In my defense, I was seven  :Very Happy:  but they'll be there for the rest of my life

- - - Updated - - -

In my defense, I was seven  :Very Happy:  but they'll be there for the rest of my life

----------


## Quantum Constrictors

One time I was cooking and had no shirt on and pulled a cookie sheet out of the oven and touched the rim of it to my belly. Still have the scar and that was over 5 years ago lol

----------


## Vypyrz

Do alcohol induced mishaps count?

----------

DooLittle (06-30-2012),_Mike41793_ (06-30-2012)

----------


## Mike41793

> Do alcohol induced mishaps count?


 :ROFL: Of course!

Attempting to make smores or other campfire snacks after youre already drunk requires a specific skill set! :Good Job:

----------

pookie! (07-01-2012),Royal Chick (06-30-2012),_Vasiliki_ (07-27-2012)

----------


## Vypyrz

> Of course!
> 
> Attempting to make smores or other campfire snacks after youre already drunk requires a specific skill set!

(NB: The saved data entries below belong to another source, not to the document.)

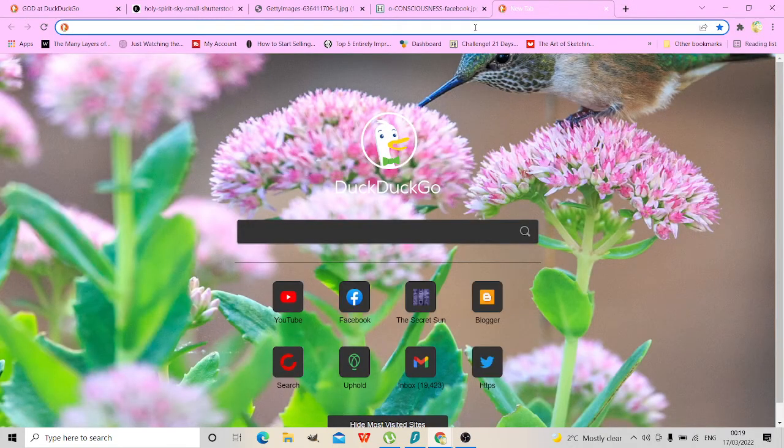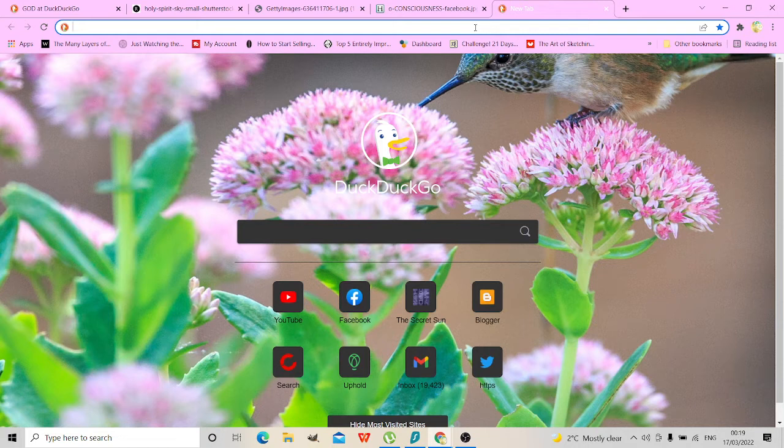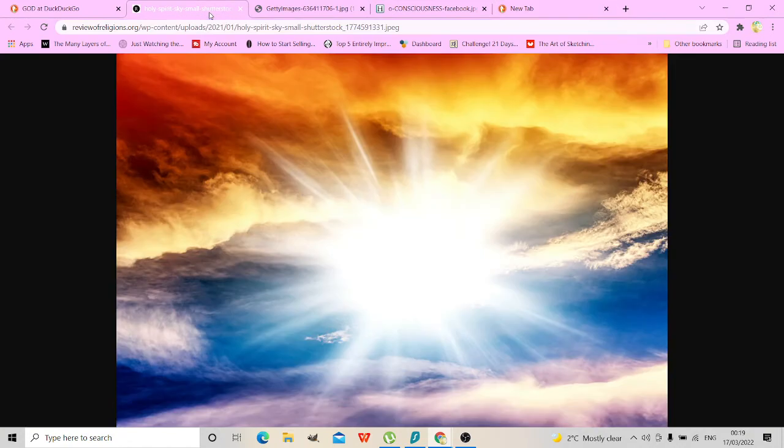Or yeah whatever, happy whatever. I'm not going to get a picture up of St. Patrick's Day.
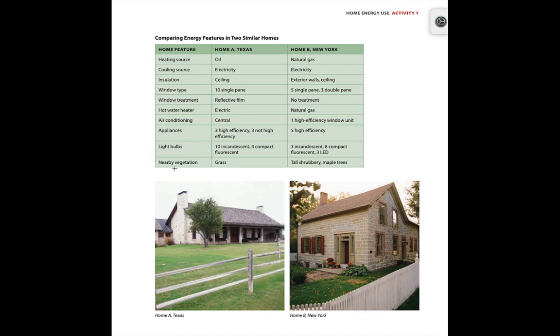You may have to talk to your parents a little bit about what you have in your home to gain a better understanding. But this is the table that you'll be using for Procedure 2.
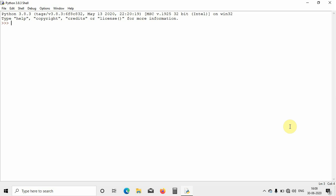Hey everyone, in this video we will see how to use the strip function in Python. A strip function is something which is used with strings. If you are manipulating or doing something with strings, you should be knowing about strip.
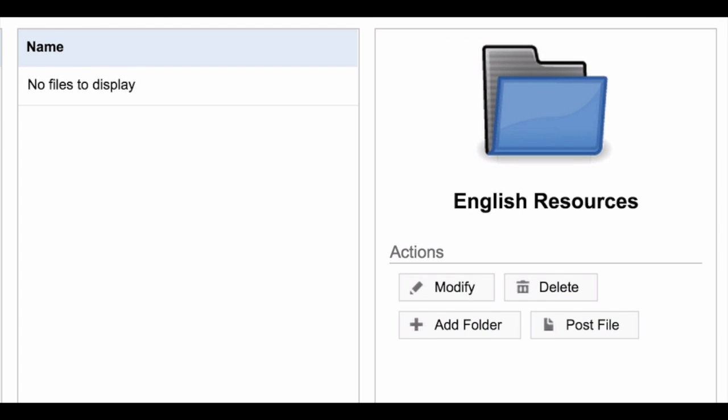You can modify or delete this folder at any stage by clicking Modify or Delete in the right-hand column.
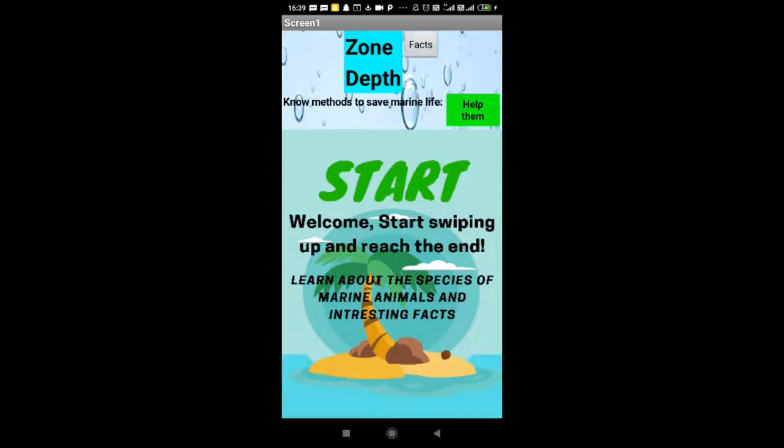The introduction: the app showcases marine life, their facts, and how we can help them not get extinct from our beautiful world.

I accidentally threw a frozen rat in the microwave instead of a burrito...  :projectile:

----------

_BallsUnlimited_ (06-30-2012)

----------


## The Serpent Merchant

I'm a decent cook nowadays... but a few years ago when I was first starting I had a nasty habit of blowing things up lol.

My favorite was when I coated my parents house with butter...

I was making something in a frying pan (don't remember exactly what) but there was a good amount of hot butter in it. Without thinking I went over to the sink and put some cool water on the pan to cool it off a bit. (bad idea in the first place I'm lucky the pan didn't break) What resulted was the biggest cloud of butter infused steam imaginable. Pair this with a poorly placed AC return vent that sucked up a bunch of the steam and the fact that we didn't have a filter in the system (we were just about to replace the entire AC system the next day) and the result was every surface in the house getting a thin slippery coating of butter. It took weeks before it was all gone.

----------


## Mike41793

> I accidentally threw a frozen rat in the microwave instead of a burrito...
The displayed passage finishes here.